◆ **DATA**
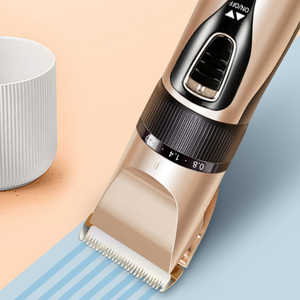 Vendita diretta professionale professionale senza fili elettrico tagliacapelli marca Cheveux Homme Gazon macchina per taglio di <span class=keywords><strong>capelli</strong></span> da <span class=keywords><strong>uomo</strong></span> - Product Image 4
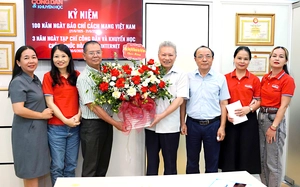 Tạp chí Công dân và Khuyến học: Nguồn cảm hứng mới cho học tập và sáng tạo trong kỷ nguyên số - Ảnh 5.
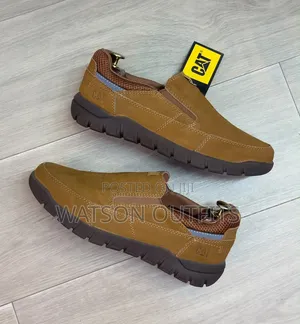 Viatu Shoes Casual Caterpillar Design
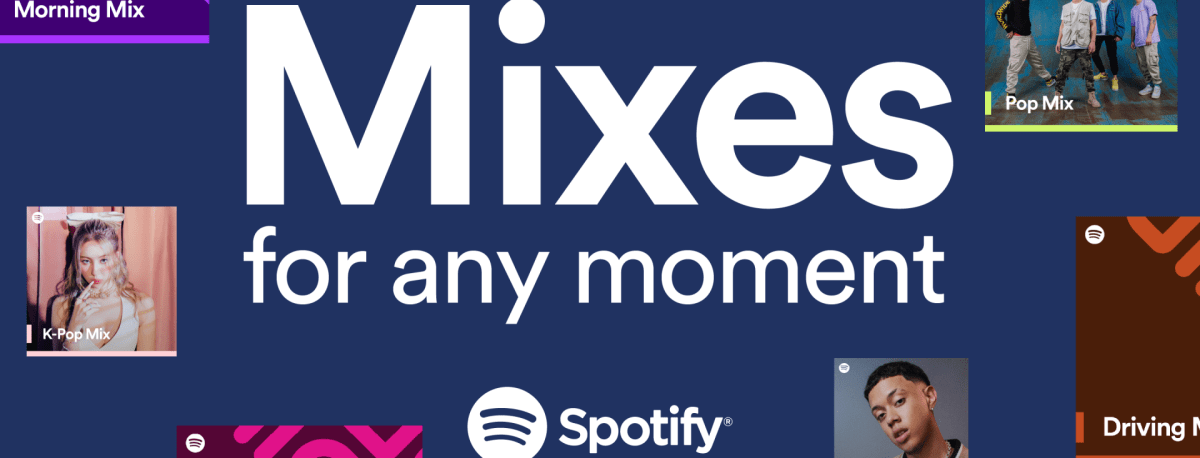 Spotify debuts “Niche Mixes” you can build based on description alone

◆ **PROBLEM STATEMENT**
Omit pictures and output the listing exactly.

◆ **EXERCISE OUTPUT**
 Vendita diretta professionale professionale senza fili elettrico tagliacapelli marca Cheveux Homme Gazon macchina per taglio di <span class=keywords><strong>capelli</strong></span> da <span class=keywords><strong>uomo</strong></span> - Product Image 4
 Tạp chí Công dân và Khuyến học: Nguồn cảm hứng mới cho học tập và sáng tạo trong kỷ nguyên số - Ảnh 5.
 Viatu Shoes Casual Caterpillar Design
 Spotify debuts “Niche Mixes” you can build based on description alone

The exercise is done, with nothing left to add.